Tuttoscuola: Non solo statale

Scuola paritaria/3. Da salvaguardare libertà e competizione

Unica voce critica sul costo standard (per ragioni metodologiche) il direttore della Fondazione Agnelli Andrea Gavosto

Nel seminario svoltosi nella sala del Refettorio della Camera (Palazzo San Macuto) Elena Centemero (FI) e il sottosegretario Gabriele Toccafondi (Ncd) hanno provato a saggiare il terreno per eventuali convergenze (che peraltro dovrebbero necessariamente coinvolgere anche il Pd per avere speranze di successo) su ipotesi di finanziamento del sistema di istruzione che coinvolgano anche le scuole paritarie.

Toccafondi per la verità, forse condizionato dalle ristrettezze finanziarie entro le quali si deve muovere il Ministero, si è limitato a dare rassicurazioni sulla questione dell’Imu, ma non si è spinto oltre la riaffermazione di principio che Scuola statale e paritaria sono “equipollenti” e offrono “lo stesso servizio” a costi molto diversi: “il contributo statale alle paritarie corrisponde a 500 euro l’anno per iscritto, quello alle statali, secondo dati Ocse, a 6.800 euro”.

Elena Centemero non si è invece limitata a questa constatazione. Ha prospettato l’ipotesi – poi ripresa da don Francesco Macrì, presidente della Fidae, e dettagliata sul piano tecnico da suor Anna Monia Alfieri (Fidae Lombardia) e da Giulio Maria Salerno dell’università di Macerata – di definire e utilizzare il costo standard di un alunno della scuola pubblica (statale+paritaria) per poi assegnare i fondi pubblici “a tutte le scuole sulla base del numero di iscritti”.

Scettico sul costo standard, di difficile definizione, ma aperto all’idea che la scelta della scuola paritaria non debba penalizzare chi la compie, e che il pluralismo sia determinante per migliorare la qualità del sistema nel suo insieme, si è detto l’economista Andrea Gavosto, direttore della Fondazione Giovanni Agnelli, a cui giudizio “la libertà di scelta va salvaguardata attraverso forme di deduzione per le spese per istruzione”.

Anche per Attilio Oliva, presidente dell’associazione Treellle, il rischio maggiore sarebbe che la scuola paritaria finisse per essere “statalizzata” per l’impossibilità di sopravvivere nelle attuali condizioni economiche.
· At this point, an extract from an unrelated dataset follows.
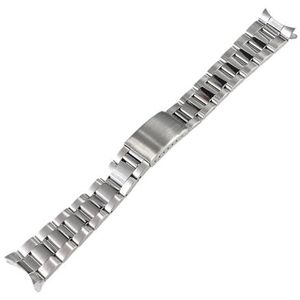 19 mm 20 mm roestvrijstalen oesterband geschikt for Seiko Sxns80 Snxs79 geschikt for Seiko 5 Snxs79k Snxs77k Snxs73 geschikt for Casio horlogeband armband riem (Color : Middle polish, Size : 20mm)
Questo sarebbe un danno per l’intero sistema perché ridurrebbe il pluralismo e la concorrenza tra le scuole. A suo avviso occorrerebbe rifarsi a modelli che garantiscono il pluralismo, come quello francese e quello olandese: Paesi laici che però finanziano tutte le scuole, comprese quelle religiose, per salvaguardare il confronto dal quale nasce l’innovazione.

Il dibattito, come si vede, verte non tanto sul se (a parte gli irriducibili statalisti, e non sono pochi) ma sul come finanziare le scuole paritarie, e più in generale le scuole autonome.